Grounding and Epistemic Confidence

Grounding measures how well-supported a concept is across your corpus — not whether the concept is universally true. A concept with high grounding means your sources agree on it. A concept with low or negative grounding means your sources disagree, or too few have weighed in. The quality of grounding depends entirely on the quality and diversity of the sources you ingest.


The grounding score

Each concept carries a grounding score on a −1.0 to +1.0 scale:

Score range Label What it means
0.8 to 1.0 Strongly supported Multiple sources agree strongly
0.5 to 0.8 Well supported Good evidence, sources confirm
0.2 to 0.5 Moderately supported Some evidence, room for uncertainty
−0.2 to 0.2 Mixed or insufficient Sources disagree, or too few sources
−0.5 to −0.2 Contested More contradiction than support
−1.0 to −0.5 Contradicted Strong evidence against

The score reflects the balance of confirming versus contradicting evidence across sources, weighted by relationship strength.
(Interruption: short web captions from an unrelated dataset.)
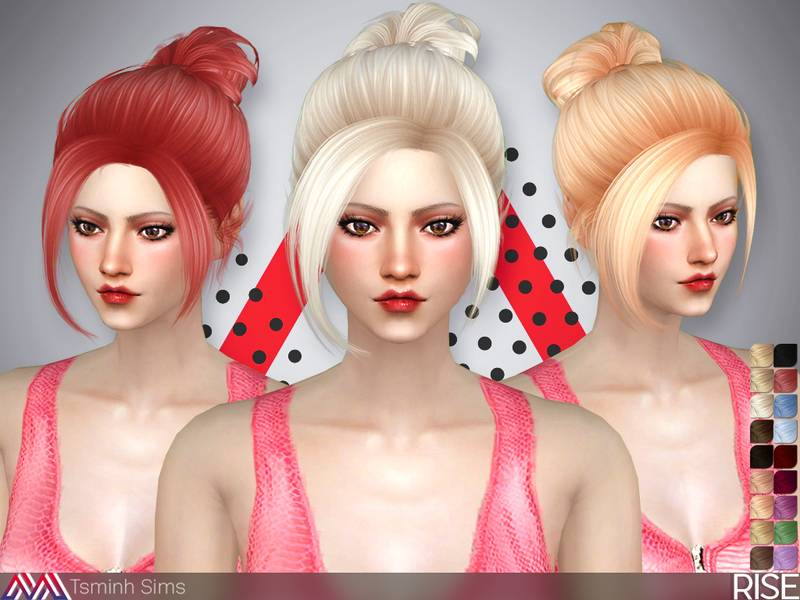 Одежда и причёски для the sims 3 Одежда и причёски для the sims 3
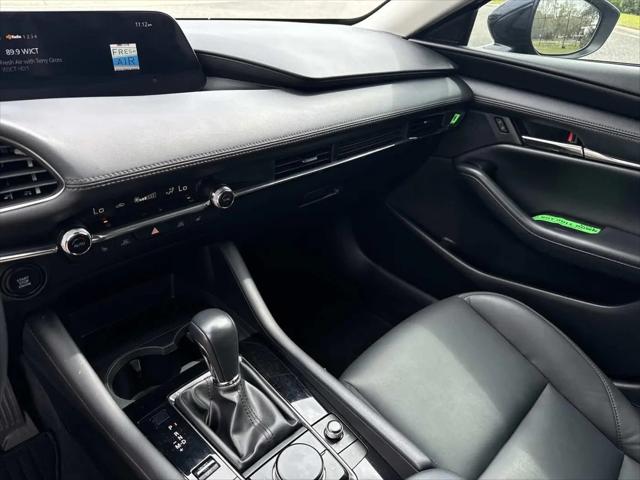 2022 Mazda Mazda3 Preferred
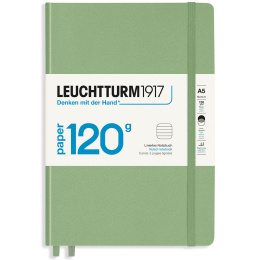 Notebook A5 120g in the group Paper & Pads / Note & Memo / Notebooks & Journals at Pen Store (125483_r)
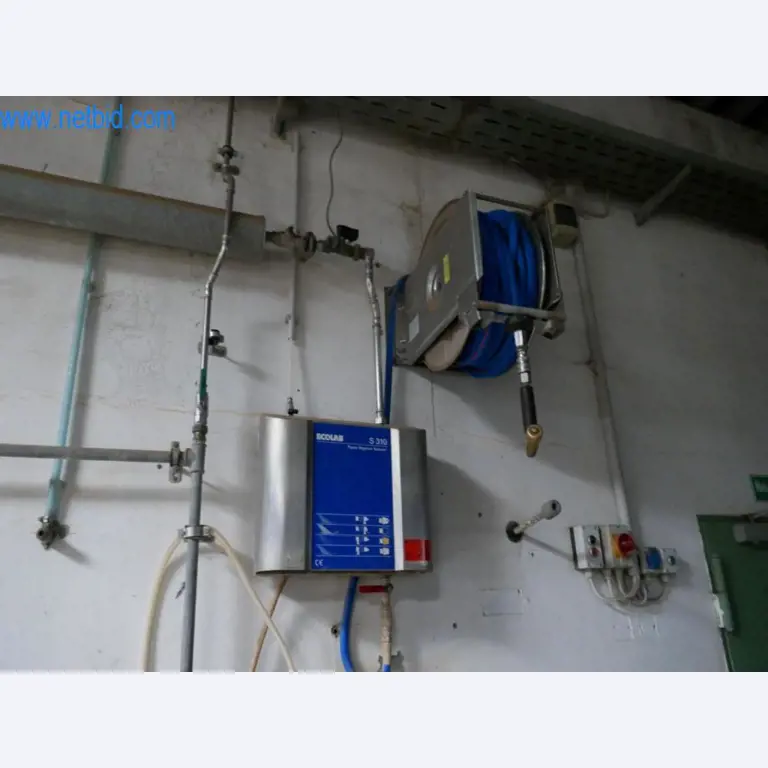 Stacja pobierania krwi z rzeźni-7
It does not reflect the volume of ingested text alone — a concept mentioned 500 times in the same document does not accumulate grounding the way a concept mentioned 50 times across 10 independent sources does.

How the score is calculated

Each concept-to-source relationship contributes evidence in one direction. The system tracks:

  • Agreement: sources that confirm the concept (shifts score positive)
  • Contradiction: sources that challenge it (shifts score negative)
  • Relationship strength: direct claims carry more weight than passing mentions

When sources disagree, both sides are recorded. Grounding reflects the balance:

Source A: "X causes Y"        → +evidence
Source B: "X does not cause Y" → −evidence

A concept supported more than contradicted carries positive grounding. A concept contradicted more than supported carries negative grounding. Equal tension lands near zero.


The confidence dimension

Grounding tells you the direction of evidence. Confidence tells you how much evidence exists to make that direction meaningful.
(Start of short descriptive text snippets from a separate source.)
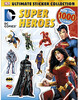 DC Comics Super Heroes Ultimate Sticker Collection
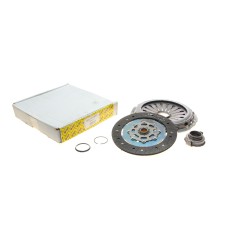 Комплект зчеплення AlfaRomeo 145/146/147/156/166 99-10 (d=235mm) (+вижимний)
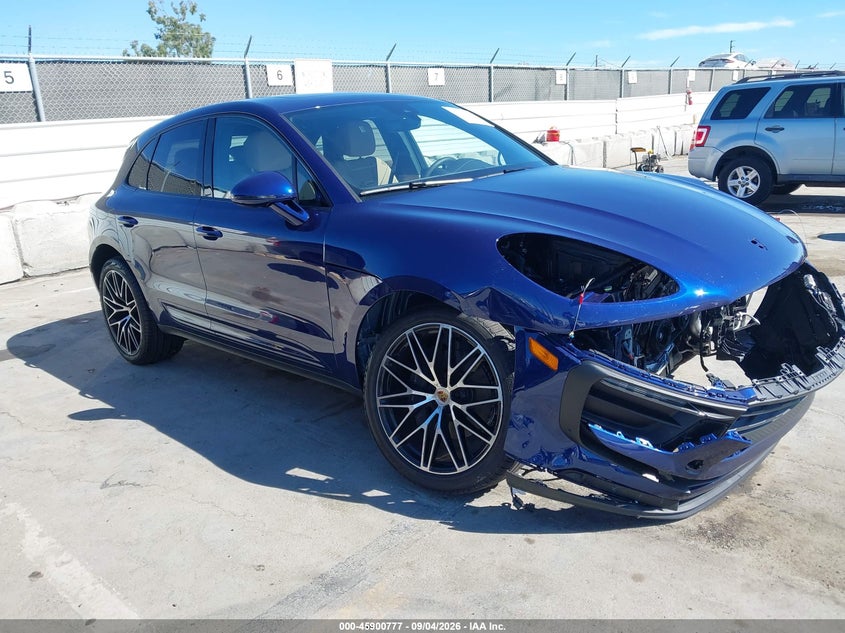 2026 PORSCHE MACAN T | WP1AA2A54TLB09179 | UPCARS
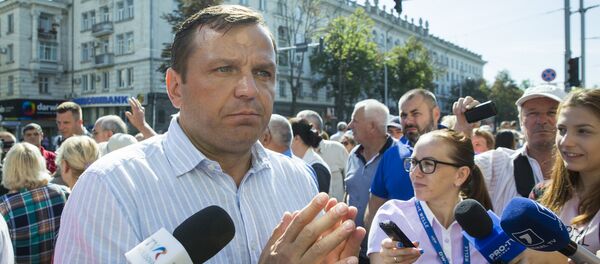 Andrei Năstase - Sputnik Moldova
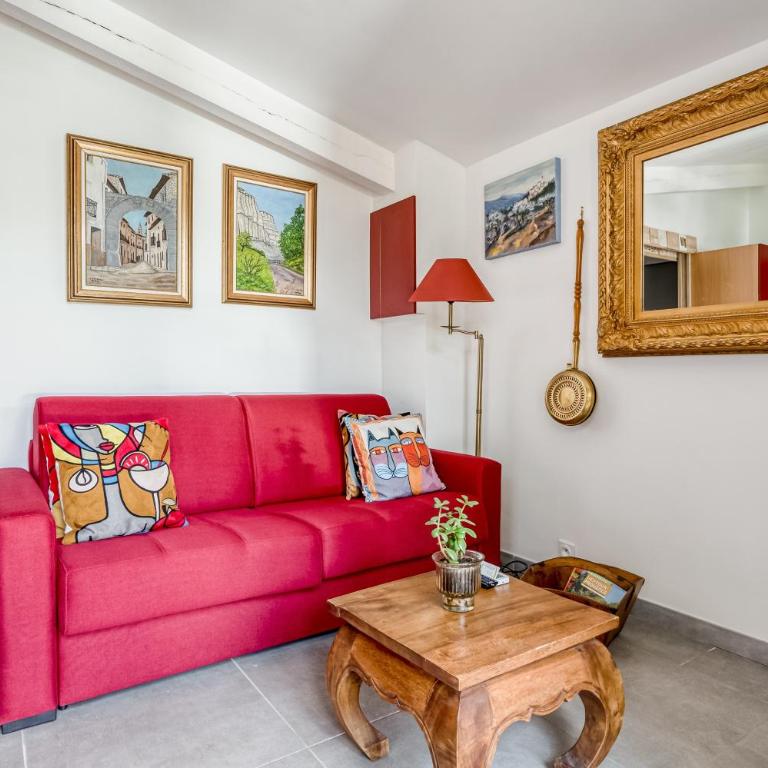 Le Parc - Maison 1 Chambre - 4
A concept with grounding 0.8 from a single passing mention is not the same as one with grounding 0.8 from 15 independent sources. The confidence dimension captures this distinction.
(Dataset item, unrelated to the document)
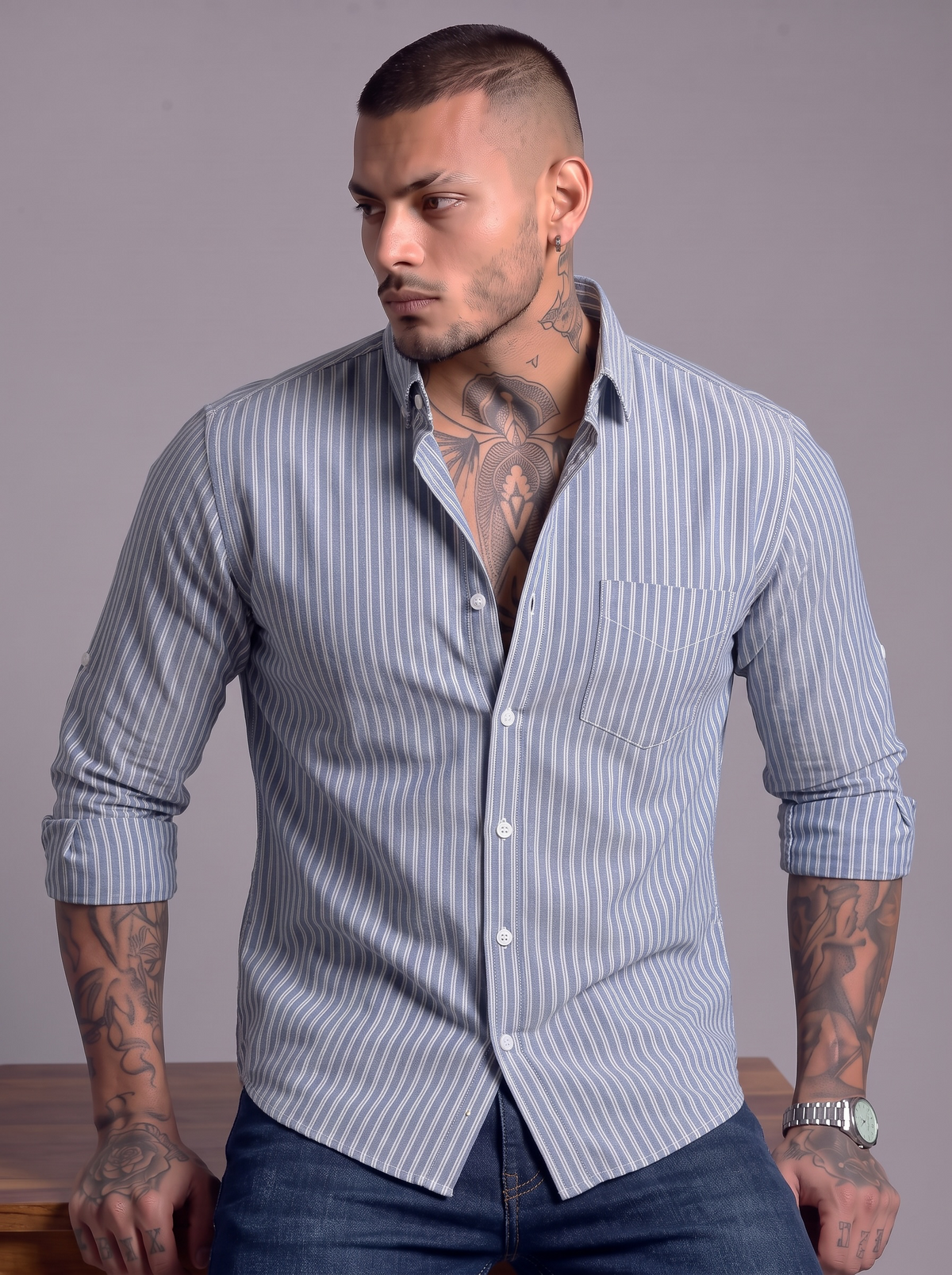 Escape Deer Shirt EDS 1501 R5 S6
Confidence is computed from three signals gathered from the concept's graph neighborhood:

composite = (
    relationship_count / 10.0 +    # 10 relationships → 1.0 contribution
    source_count / 5.0 +           # 5 sources → 1.0 contribution
    evidence_count / 10.0 +        # 10 evidence instances → 1.0 contribution
    relationship_type_diversity    # 0–1 (unique edge types / total edges)
)
confidence_score = composite / (composite + 2.0)

The saturation function (composite / (composite + k)) reflects diminishing returns: the first source contributes more information than the fiftieth. A concept with two sources and a concept with two hundred are not proportionally different in reliability — the function flattens toward 1.0 as evidence accumulates.

This prevents "truth inflation" where a concept's importance in one corpus makes it appear epistemically stronger than a lesser-cited concept that has better cross-domain corroboration.

Three confidence levels map from these scores:

Level Thresholds
Confident ≥5 relationships, ≥3 sources, ≥3 evidence instances
Tentative ≥2 relationships, or ≥1 source, or ≥1 evidence instance
Insufficient Below tentative thresholds

Semantic diversity and echo chambers

Relationship type diversity matters. A concept supported by five paragraphs from the same document, all connected by identical edge types, has lower diversity than a concept supported by sources from different domains, connected by varied relationship types (SUPPORTS, VALIDATES, IMPLIES, CONFIRMS).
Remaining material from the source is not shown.